▶ TASK REQUIREMENTS
For the entries below, the expected answer is the line with "Urban Classics - Turnup", the line with "Bague d'éternité en", and every line between them, exactly as written, and nothing more.

▶ RECORD EXTRACTS
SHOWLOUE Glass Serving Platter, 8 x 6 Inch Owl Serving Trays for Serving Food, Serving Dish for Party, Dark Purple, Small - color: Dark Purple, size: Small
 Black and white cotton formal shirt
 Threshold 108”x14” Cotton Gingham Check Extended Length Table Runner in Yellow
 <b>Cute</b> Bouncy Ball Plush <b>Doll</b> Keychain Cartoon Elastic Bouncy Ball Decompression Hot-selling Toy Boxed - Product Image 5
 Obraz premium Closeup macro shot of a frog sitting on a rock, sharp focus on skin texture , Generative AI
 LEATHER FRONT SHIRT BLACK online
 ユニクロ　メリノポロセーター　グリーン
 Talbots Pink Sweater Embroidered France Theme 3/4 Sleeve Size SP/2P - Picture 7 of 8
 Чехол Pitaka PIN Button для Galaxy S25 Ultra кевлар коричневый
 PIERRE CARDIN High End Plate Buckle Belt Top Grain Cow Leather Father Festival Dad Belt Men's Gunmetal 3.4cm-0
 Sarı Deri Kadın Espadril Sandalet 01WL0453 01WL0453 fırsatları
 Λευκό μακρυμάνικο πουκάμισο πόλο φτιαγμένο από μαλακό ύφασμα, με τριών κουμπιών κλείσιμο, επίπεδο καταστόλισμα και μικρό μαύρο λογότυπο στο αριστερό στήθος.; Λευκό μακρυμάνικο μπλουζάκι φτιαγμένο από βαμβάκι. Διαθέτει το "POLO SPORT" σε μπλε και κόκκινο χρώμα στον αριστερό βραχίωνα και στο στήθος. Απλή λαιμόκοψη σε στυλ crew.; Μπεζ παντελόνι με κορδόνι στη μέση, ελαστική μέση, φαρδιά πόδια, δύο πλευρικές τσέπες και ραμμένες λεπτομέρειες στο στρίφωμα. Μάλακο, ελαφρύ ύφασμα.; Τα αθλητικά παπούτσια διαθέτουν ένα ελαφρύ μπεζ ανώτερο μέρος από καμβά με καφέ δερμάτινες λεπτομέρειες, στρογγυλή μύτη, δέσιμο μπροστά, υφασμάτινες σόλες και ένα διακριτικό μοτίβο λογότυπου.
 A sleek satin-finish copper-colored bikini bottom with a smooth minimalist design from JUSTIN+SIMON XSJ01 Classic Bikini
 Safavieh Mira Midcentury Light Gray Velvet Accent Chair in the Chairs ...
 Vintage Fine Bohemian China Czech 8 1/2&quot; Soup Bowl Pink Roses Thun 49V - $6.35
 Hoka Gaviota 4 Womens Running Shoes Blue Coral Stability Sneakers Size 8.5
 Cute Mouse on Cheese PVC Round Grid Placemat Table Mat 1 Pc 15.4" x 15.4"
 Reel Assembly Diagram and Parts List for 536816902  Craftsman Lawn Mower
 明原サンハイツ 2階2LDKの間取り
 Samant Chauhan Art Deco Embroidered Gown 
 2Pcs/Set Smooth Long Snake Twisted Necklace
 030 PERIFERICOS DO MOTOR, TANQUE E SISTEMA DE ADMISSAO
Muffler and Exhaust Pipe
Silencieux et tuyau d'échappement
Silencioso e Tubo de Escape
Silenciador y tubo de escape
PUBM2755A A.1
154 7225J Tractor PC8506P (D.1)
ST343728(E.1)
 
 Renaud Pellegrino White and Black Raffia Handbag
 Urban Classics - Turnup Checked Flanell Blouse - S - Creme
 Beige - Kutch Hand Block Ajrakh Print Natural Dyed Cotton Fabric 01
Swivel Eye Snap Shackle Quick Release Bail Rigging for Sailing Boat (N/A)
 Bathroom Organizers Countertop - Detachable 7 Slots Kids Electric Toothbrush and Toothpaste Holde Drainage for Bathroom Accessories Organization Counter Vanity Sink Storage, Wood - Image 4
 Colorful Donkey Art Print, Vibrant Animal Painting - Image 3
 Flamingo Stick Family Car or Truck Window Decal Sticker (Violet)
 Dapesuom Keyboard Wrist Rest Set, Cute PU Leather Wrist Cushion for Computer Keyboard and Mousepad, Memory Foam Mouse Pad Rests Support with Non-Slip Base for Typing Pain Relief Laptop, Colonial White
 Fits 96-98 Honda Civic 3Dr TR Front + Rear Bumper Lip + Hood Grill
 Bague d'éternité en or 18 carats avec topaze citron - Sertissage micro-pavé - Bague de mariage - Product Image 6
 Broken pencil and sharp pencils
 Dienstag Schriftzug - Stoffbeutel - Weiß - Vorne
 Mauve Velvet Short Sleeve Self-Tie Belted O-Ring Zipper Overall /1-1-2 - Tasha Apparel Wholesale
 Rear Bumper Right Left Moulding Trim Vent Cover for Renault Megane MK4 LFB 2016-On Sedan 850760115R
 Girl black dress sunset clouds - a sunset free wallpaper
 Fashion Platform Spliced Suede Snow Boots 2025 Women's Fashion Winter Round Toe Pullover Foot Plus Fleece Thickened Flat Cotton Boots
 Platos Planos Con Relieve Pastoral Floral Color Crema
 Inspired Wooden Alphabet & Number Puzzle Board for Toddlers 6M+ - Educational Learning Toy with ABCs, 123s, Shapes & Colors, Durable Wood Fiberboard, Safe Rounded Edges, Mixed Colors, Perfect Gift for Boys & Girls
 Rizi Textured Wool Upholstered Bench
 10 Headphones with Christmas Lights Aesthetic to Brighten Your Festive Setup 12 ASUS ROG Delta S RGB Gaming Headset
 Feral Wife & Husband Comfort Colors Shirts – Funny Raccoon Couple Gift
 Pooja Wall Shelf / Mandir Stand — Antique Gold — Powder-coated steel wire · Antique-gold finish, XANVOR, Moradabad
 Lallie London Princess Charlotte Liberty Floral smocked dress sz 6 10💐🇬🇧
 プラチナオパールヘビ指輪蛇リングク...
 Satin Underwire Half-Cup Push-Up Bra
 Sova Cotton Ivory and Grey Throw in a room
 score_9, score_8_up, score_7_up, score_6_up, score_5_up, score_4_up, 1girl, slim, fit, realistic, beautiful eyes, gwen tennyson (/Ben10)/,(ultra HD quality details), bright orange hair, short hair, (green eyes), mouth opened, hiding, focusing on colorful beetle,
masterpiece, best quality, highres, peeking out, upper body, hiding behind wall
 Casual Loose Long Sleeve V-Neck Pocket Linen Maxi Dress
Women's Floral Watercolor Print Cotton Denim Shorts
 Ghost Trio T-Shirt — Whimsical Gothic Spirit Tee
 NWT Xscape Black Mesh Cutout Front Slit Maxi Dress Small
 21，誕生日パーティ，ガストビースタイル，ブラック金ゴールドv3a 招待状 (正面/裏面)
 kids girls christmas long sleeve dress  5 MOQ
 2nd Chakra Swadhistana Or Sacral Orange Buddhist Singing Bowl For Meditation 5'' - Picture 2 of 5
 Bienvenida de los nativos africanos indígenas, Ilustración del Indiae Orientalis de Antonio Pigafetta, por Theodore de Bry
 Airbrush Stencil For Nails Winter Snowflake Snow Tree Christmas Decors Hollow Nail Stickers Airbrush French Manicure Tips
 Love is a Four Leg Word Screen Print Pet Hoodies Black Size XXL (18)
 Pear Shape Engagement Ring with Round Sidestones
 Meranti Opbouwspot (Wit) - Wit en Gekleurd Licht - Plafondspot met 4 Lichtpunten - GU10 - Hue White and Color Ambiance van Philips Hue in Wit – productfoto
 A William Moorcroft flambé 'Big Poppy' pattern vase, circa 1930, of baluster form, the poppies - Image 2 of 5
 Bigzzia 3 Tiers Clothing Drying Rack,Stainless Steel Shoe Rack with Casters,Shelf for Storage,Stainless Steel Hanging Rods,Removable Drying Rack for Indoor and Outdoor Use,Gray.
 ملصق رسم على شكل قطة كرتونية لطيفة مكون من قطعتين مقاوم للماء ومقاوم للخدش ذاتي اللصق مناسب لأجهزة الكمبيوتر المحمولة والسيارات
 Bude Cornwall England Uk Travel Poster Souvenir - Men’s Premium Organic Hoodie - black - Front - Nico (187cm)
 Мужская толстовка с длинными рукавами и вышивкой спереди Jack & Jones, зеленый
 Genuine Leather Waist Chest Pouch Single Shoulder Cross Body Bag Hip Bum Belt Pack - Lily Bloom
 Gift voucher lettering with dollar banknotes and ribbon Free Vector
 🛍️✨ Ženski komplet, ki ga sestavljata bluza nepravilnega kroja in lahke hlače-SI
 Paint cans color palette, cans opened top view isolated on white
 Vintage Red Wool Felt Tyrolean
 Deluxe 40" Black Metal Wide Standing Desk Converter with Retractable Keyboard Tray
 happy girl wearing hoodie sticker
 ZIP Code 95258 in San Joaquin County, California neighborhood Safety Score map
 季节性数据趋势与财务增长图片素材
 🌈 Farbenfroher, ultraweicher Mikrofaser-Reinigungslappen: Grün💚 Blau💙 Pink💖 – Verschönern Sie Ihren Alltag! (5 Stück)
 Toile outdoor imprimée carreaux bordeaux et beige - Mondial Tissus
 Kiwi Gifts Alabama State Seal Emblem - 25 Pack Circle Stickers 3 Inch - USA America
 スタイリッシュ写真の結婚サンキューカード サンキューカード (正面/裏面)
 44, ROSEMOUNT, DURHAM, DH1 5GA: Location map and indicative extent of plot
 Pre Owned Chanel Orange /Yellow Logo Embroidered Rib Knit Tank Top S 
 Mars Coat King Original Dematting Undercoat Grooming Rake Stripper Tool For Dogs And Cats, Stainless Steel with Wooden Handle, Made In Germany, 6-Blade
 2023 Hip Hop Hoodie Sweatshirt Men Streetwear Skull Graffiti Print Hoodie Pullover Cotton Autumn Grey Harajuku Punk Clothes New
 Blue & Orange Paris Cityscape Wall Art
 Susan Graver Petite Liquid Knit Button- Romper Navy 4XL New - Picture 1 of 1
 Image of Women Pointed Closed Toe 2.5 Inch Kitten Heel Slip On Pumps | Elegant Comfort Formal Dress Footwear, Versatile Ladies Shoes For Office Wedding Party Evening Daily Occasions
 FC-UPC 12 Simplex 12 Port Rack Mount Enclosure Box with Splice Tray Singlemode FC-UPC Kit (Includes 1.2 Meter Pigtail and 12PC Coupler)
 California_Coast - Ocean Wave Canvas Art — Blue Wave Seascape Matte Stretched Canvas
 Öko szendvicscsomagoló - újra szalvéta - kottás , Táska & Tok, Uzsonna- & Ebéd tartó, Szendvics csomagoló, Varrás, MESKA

▶ EXERCISE RESULT
 Urban Classics - Turnup Checked Flanell Blouse - S - Creme
 Beige - Kutch Hand Block Ajrakh Print Natural Dyed Cotton Fabric 01
Swivel Eye Snap Shackle Quick Release Bail Rigging for Sailing Boat (N/A)
 Bathroom Organizers Countertop - Detachable 7 Slots Kids Electric Toothbrush and Toothpaste Holde Drainage for Bathroom Accessories Organization Counter Vanity Sink Storage, Wood - Image 4
 Colorful Donkey Art Print, Vibrant Animal Painting - Image 3
 Flamingo Stick Family Car or Truck Window Decal Sticker (Violet)
 Dapesuom Keyboard Wrist Rest Set, Cute PU Leather Wrist Cushion for Computer Keyboard and Mousepad, Memory Foam Mouse Pad Rests Support with Non-Slip Base for Typing Pain Relief Laptop, Colonial White
 Fits 96-98 Honda Civic 3Dr TR Front + Rear Bumper Lip + Hood Grill
 Bague d'éternité en or 18 carats avec topaze citron - Sertissage micro-pavé - Bague de mariage - Product Image 6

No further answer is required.